Output the lines of the entries below beginning at the one with "Unlocking Success: Mastering" and ending with the last, exactly as written and without pictures.
=== Supplied entries ===
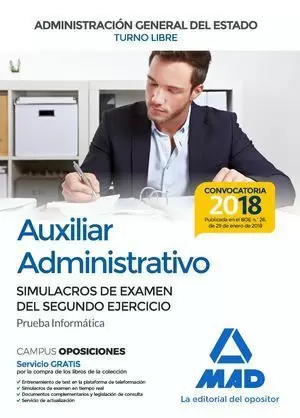AUXILIAR ADMINISTRATIVO DE LA ADMINISTRACIÓN GENERAL DEL ESTADO (TURNO LIBRE) 2018 MAD. SIMULACROS DE EXAMEN 2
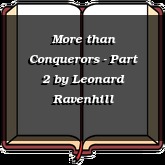 More than Conquerors - Part 2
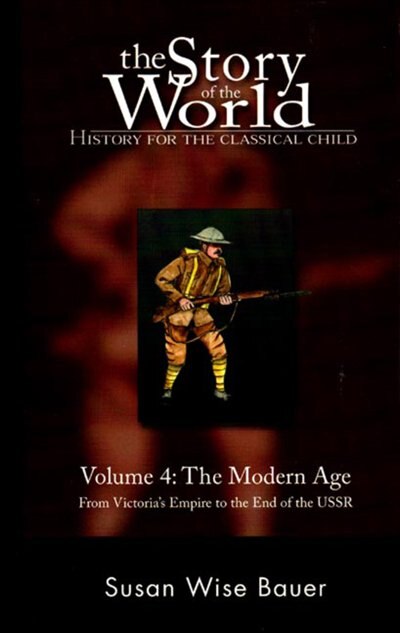 Front cover_Story Of The World #4 Modern Age From Victorias Empire To The En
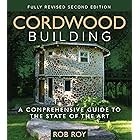 Cordwood Building: A Comprehensive Guide to the State of the Art - Fully revised Second Edition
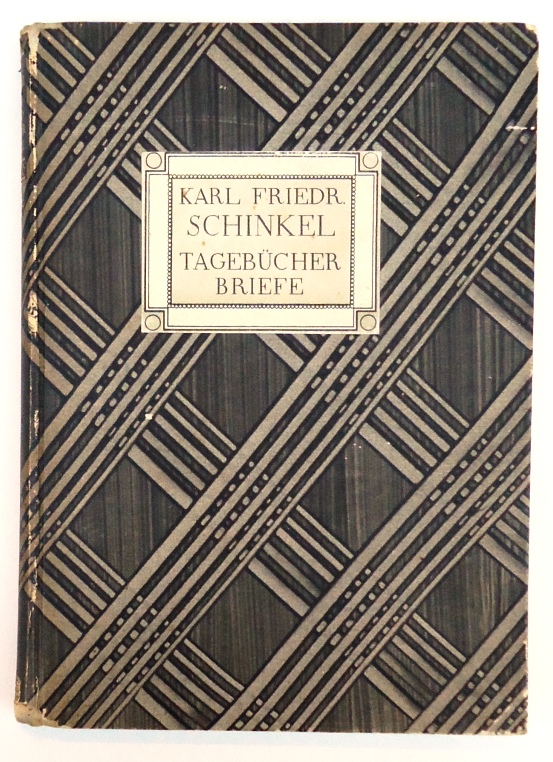Schinkel, Karl Friedrich  Briefe, Tagebücher, Gedanken. Ausgewählt, eingeleitet und erläutert von Hans Mackowsky. 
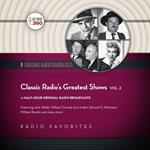Classic Radio’s Greatest Shows, Vol. 2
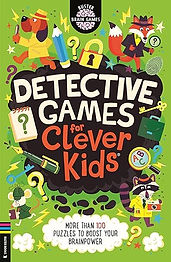 Detective Games for Clever Kids®: More than 100 Puzzles to Boost Your Brainpower (Buster Brain Games)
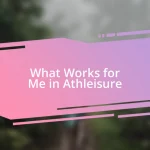 What Works for Me in Athleisure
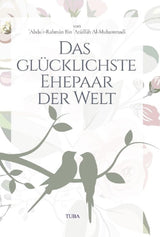 Das glücklichste Ehepaar der Welt - Ein Ratgeber für eine glückliche Ehe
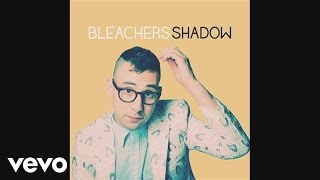 Bleachers  Shadow Audio [upl. by Nairehs]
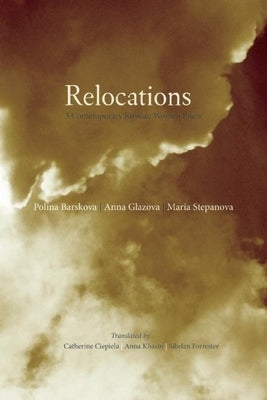 Relocations: Three Contemporary Russian Women Poets by Ciepiela, Catherine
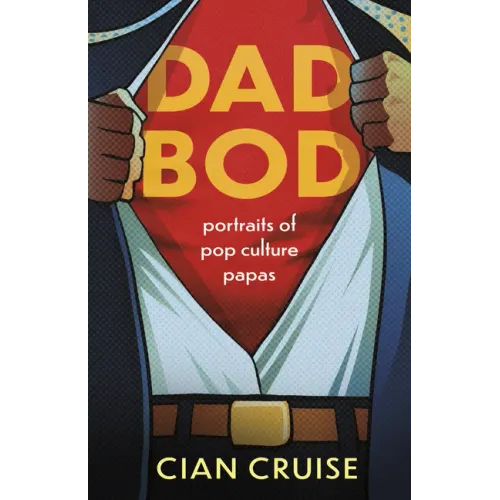 Dad Bod: Portraits of Pop Culture Papas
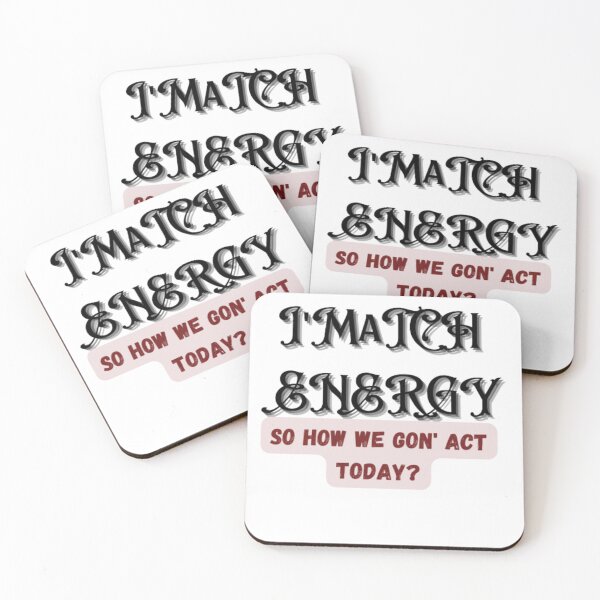 Item preview, I match energy , so how we gon' act today designed and sold by khalifakhalifa.
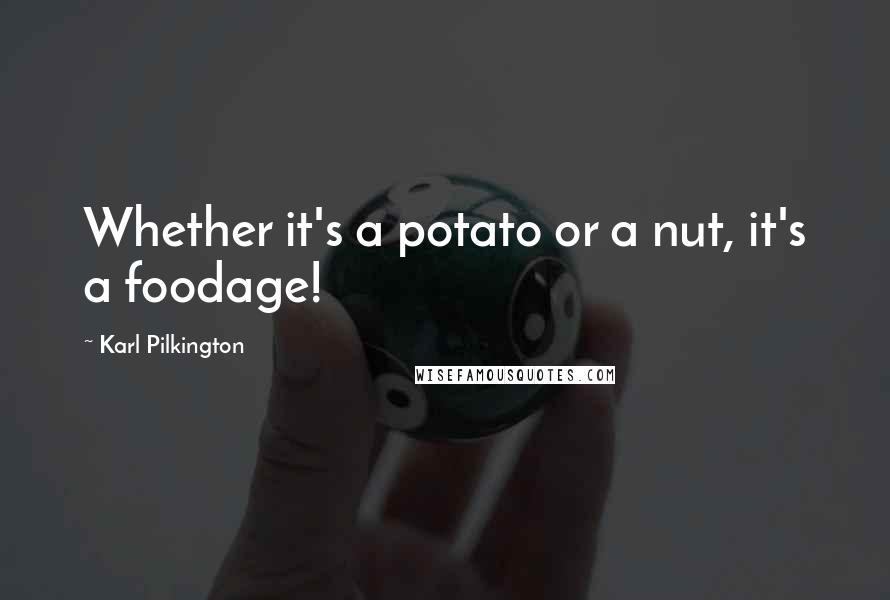 Karl Pilkington Quotes: Whether it's a potato or a nut, it's a foodage!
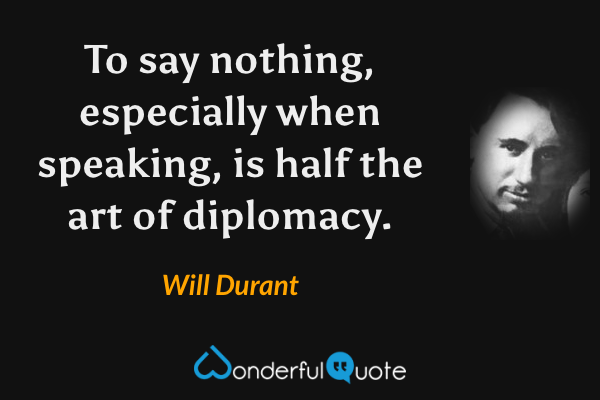 To say nothing, especially when speaking, is half the art of diplomacy. - Will Durant quote.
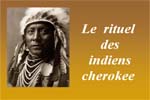 Rituel des Indiens Cherokee
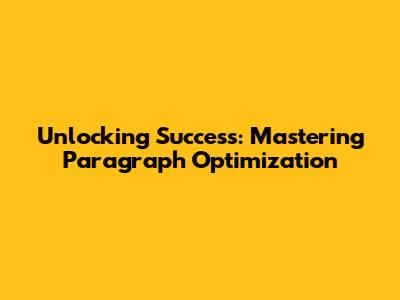 Unlocking Success: Mastering Paragraph Optimization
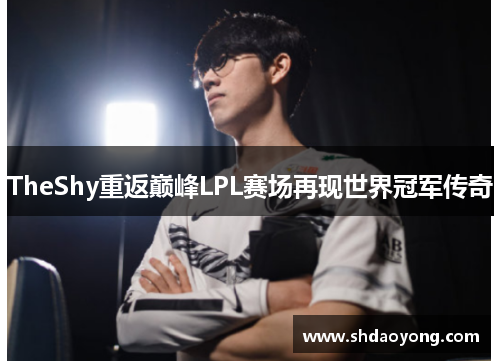 TheShy重返巅峰LPL赛场再现世界冠军传奇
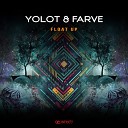 Yolot Farve - Social Experience Original Mix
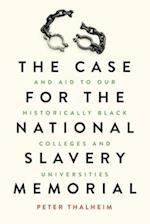 The Case for the National Slavery Memorial and Aid to our HBCUs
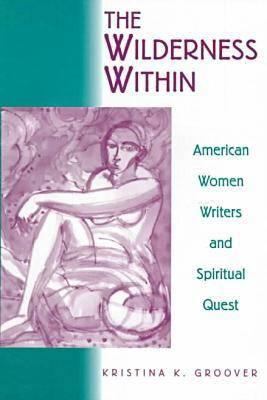 The Wilderness Within : American Women Writers and Spiritual Quest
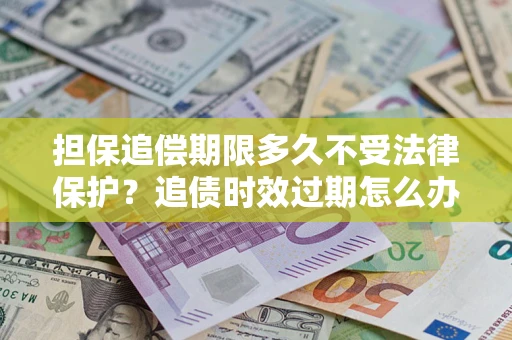 北京担保追偿期限多久不受法律保护？追债时效过期怎么办？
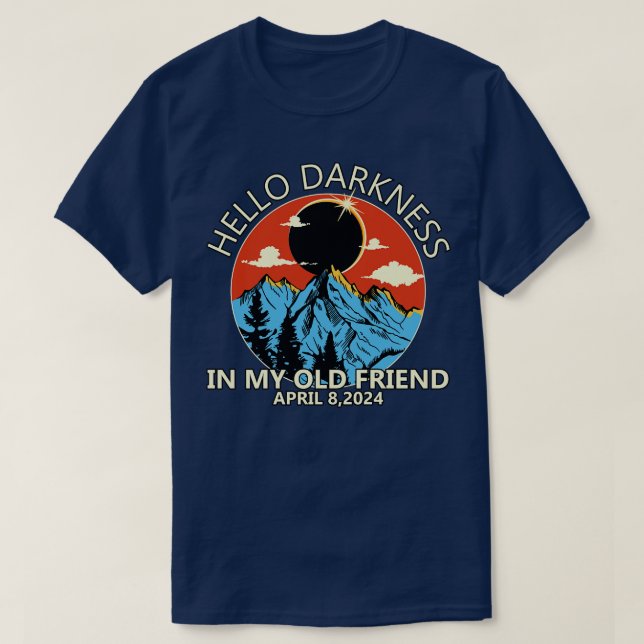 Hello Darkness My Old Friend T-Shirt (Design Front)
===
_Exercise output_
 Unlocking Success: Mastering Paragraph Optimization
 TheShy重返巅峰LPL赛场再现世界冠军传奇
 Yolot Farve - Social Experience Original Mix
 The Case for the National Slavery Memorial and Aid to our HBCUs
 The Wilderness Within : American Women Writers and Spiritual Quest
 北京担保追偿期限多久不受法律保护？追债时效过期怎么办？
 Hello Darkness My Old Friend T-Shirt (Design Front)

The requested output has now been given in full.